Trump-acevedo

Einfach zuhören, was er zu sagen hat: Univision-Moderator Enrique Acevedo beim Interview mit Donald Trump im Ballsaal von dessen Anwesen. © Televisa-Univision

Wichtigstes US-Medium für Latinos änderte Kurs

Pascal Sigg /  Seit einem Besitzerwechsel berichtet Univision deutlich weniger kritisch über Donald Trump – aus geschäftlichen Gründen.

Eine der ersten Wahlanalysen lautet: Die Latinos hatten besonderen Einfluss auf die US-Präsidentschaftswahlen. Zwar stimmt die Mehrheit noch immer für die Demokraten. Doch Donald Trump hat seinen Stimmanteil in den letzten Jahren laufend vergrössert. So zum Beispiel an der Grenze zu Mexiko.

Wie Latinos und Latinas wählen, ist mittlerweile wichtig für die US-Präsidentschaftswahl, denn diese Gruppe wächst landesweit. Über 36 Millionen Wählerinnen und Wähler mit hispanischem Hintergrund konnten dieses Jahr abstimmen – vier Millionen mehr als noch vor vier Jahren. Und glaubt man Nachwahlbefragungen, haben seit 2016 bei jeder Wahl mehr Latinos und Latinas für Donald Trump gestimmt – trotz seiner fremdenfeindlichen Äusserungen und seiner menschenfeindlichen Politik.

Während seiner ersten Präsidentschaft etwa entführte sein Grenzschutzregime zur Abschreckung sogar Säuglinge und traumatisierte unzählige Familien mit Wurzeln in Süd- und Zentralamerika. Die Praxis wurde auch unter Joe Biden nicht eingestellt.

Trump erhielt das Mikrofon

Besonders wichtig für die Meinungsbildung der Latinos und Latinas ist Univision. Der TV-Sender ist das grösste spanischsprachige Medium der USA. Seit der Fusion mit dem mexikanischen Medienkonzern Televisa im Januar 2022 jedoch berichtet Univision deutlich weniger kritisch über Donald Trump.

Als Beispiel für diesen Wechsel dient ein Interview mit Donald Trump von letztem November. Das Interview führte nicht etwa ein erfahrener Journalist des US-Teams von Univision, sondern Enrique Acevedo, der gewöhnlicherweise beim mexikanischen Univision arbeitet.

Zudem wurde bekannt, dass das Gespräch in Trumps Mar-a-Lago-Anwesen in Florida von seinem Schwiegersohn Jared Kushner mit den Co-CEOs von Televisa-Univision ausgehandelt wurde. Beide waren anwesend, als das Interview durchgeführt wurde.

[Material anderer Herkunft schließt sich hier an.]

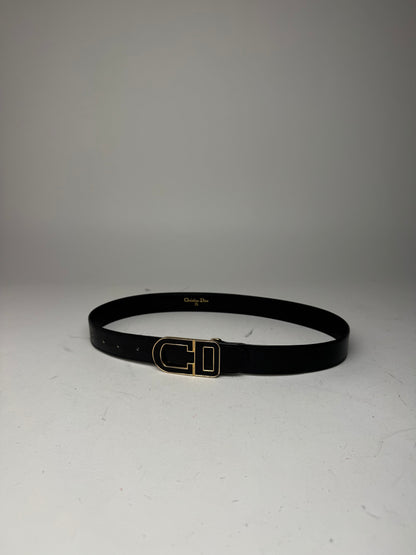 Vintage Dior Leather Belt Black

Jorge Ramos, Journalist und Moderator bei Univision, kritisierte die Arbeit seiner Kollegen offen. Er schrieb auf seiner Website:

«Wir können ein Verhalten, das die Demokratie und die hispanische Gemeinschaft bedroht, nicht normalisieren. Oder Trump ein offenes Mikrofon geben, um seine Falschaussagen und Verschwörungstheorien zu verbreiten. Wir müssen alles überprüfen und hinterfragen, was er sagt und tut.»

Ramos machte Univision auch über die USA hinaus bekannt, als Trump ihn während der Wahlkampagne 2015 aus einer Medienkonferenz warf.

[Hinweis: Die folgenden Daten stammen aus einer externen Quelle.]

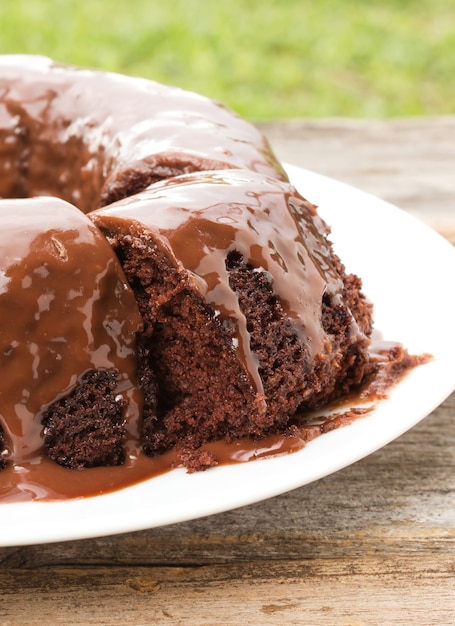 Closeup chocolate cake with chocolate sauce on white plate.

Zahme Berichterstattung als Strategie

Der Interviewer Acevedo verteidigte seine zahme Interviewführung später in der «Washington Post». Er habe schlicht konservativen Latinos und Latinas die Möglichkeit geben wollen, Trump direkt zuhören zu können. Und zwar ohne Konfrontation oder Feindseligkeiten.

Dass Univision seine politische Berichterstattung in den letzten Jahren verändert hat, bestritten weder Führungskräfte des Unternehmens, noch Enrique Acevedo. Über seine neuen Chefs sagte der Trump-Interviewer gegenüber der New York Times: «Ich glaube sie verstanden Univisions Reputation als Megaphon der Demokraten».

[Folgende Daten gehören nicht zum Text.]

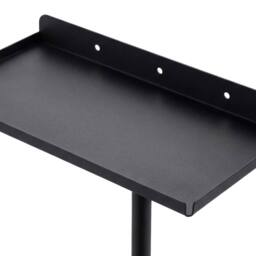 Levede Towel Rack Wall Mounted Shelf Bathroom Storage Holder with Hooks in Black - thumbnail 6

«Univision hatte drei Jahrzehnte lang ein sehr parteiisches Image. Heute geht das nicht mehr», sagte Mike Madrid, ein republikanischer Berater. «Sie müssen jedem gefallen und je populärer Trump unter Latinos wird, desto stärker müssen sie sich anpassen, um weiterhin ein grosses Publikum zu haben, statt es zu halbieren.» Während das Publikum von Univision langsam schrumpft, gewinnt jenes von Fox News. Der Sender hat sein spanischsprachiges Angebot unlängst ausgebaut.

Vielen Falschmeldungen und Gerüchten ausgesetzt

Inwiefern der Kurswechsel von Univision das Wahlverhalten seiner Zielgruppe veränderte, ist unmöglich zu sagen. Abgesehen von den Positionen der Parteien oder der Tatsache, dass ein grosser Anteil der Latinos und Latinas an oder unter der Armutsgrenze lebt, dürften auch andere mediale Faktoren gewirkt haben. Gemäss Jack Herrera, einem freischaffenden Reporter, dürfte auch wichtig gewesen sein, dass das Trump-Lager diese Gruppe stärker umwarb als Kamala Harris – etwa mit Veranstaltungen.

Oder dass Latinos und Latinas in den USA Falschinformationen auf Social-Media-Plattformen besonders ausgesetzt sind. Diese kämen wie ein Bombardement, sagte die Chefredaktorin einer spanischsprachigen Zeitung im Bundesstaat Iowa in einem lesenswerten Portrait.

Auch aus Mangel an verlässlichen Informationsquellen gerade im Lokalen nutzen viele Latinos und Latinos weniger traditionelle Medienkanäle – und verabschieden sich damit auch von journalistischen Medienmarken wie Univision.


Themenbezogene Interessenbindung der Autorin/des Autors

Keine
_____________________
➔ Solche Artikel sind nur dank Ihren SPENDEN möglich. Spenden an unsere Stiftung können Sie bei den Steuern abziehen.
_____________________
Meinungen in Beiträgen auf Infosperber entsprechen jeweils den persönlichen Einschätzungen der Autorin oder des Autors.

Zum Infosperber-Dossier:

Flickr2

Medien unter Druck

Wer Zeitungen und Fernsehen kontrolliert und besitzt, hat Einfluss und Macht.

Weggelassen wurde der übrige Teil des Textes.